Using a custom image with pre-installed software packages can significantly reduce the startup time for cloud nodes by minimizing package download time.
Prerequisites
-
You have created a registered cluster and connected a self-managed Kubernetes cluster from your on-premises data center to the registered cluster over a private network. For more information, see Create an ACK One registered cluster.
-
The network of your self-managed Kubernetes cluster in an on-premises data center is connected to the Virtual Private Cloud (VPC) that the registered cluster uses. For more information, see Use scenario-based networking to connect multiple VPCs.
-
You have activated Object Storage Service (OSS) and created a bucket. For more information, see Activate OSS and Create a bucket.
-
You have connected to the registered cluster by using kubectl. For more information, see Obtain the kubeconfig file of a cluster and use kubectl to connect to the cluster.
Procedure
-
This topic uses a CentOS 7.9 operating system and a Kubernetes v1.28.3 cluster connected using binaries as an example of how to create a custom image for an elastic node pool.
-
If you already have a custom image, you can skip to Step 3.
Step 1: Create a node pool and add a node
-
Select an OSS bucket, create a file named
join-ecs-node.shwith the following content, and upload the file to the bucket.echo "The node providerid is $ALIBABA_CLOUD_PROVIDER_ID" echo "The node name is $ALIBABA_CLOUD_NODE_NAME" echo "The node labels are $ALIBABA_CLOUD_LABELS" echo "The node taints are $ALIBABA_CLOUD_TAINTS" -
Obtain the URL of the
join-ecs-node.shfile (you can use a signed URL), and then modify the custom script configuration in the cluster.-
Run the following command to edit the
ack-agent-configConfigMap:kubectl edit cm ack-agent-config -n kube-system -
Modify the
addNodeScriptPathfield.
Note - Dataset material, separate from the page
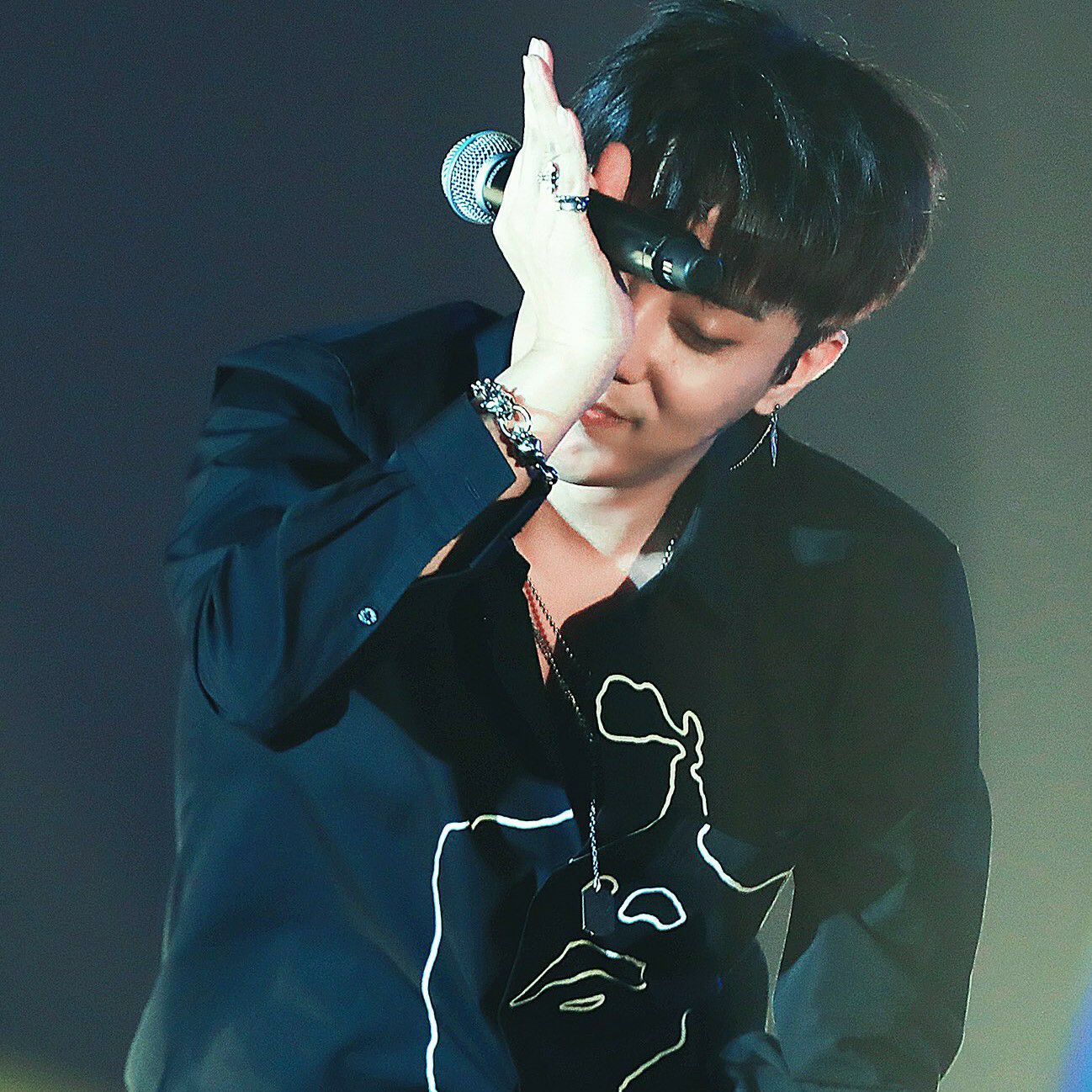 Behind-the-scenes cut of Eun Jiwon (SECHSKIES)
The updated configuration is as follows:apiVersion: v1 data: addNodeScriptPath: https://kubelet-****.oss-cn-hangzhou-internal.aliyuncs.com/join-ecs-nodes.sh kind: ConfigMap metadata: name: ack-agent-config namespace: kube-system
-
-
Create a node pool named
cloud-testand set Expected Nodes to 1. For more information, see Create and manage a node pool.ImportantThe new node will have a
Failedstatus because it lacks the required software packages. You must log on to this node for initialization, so ensure it is accessible through SSH.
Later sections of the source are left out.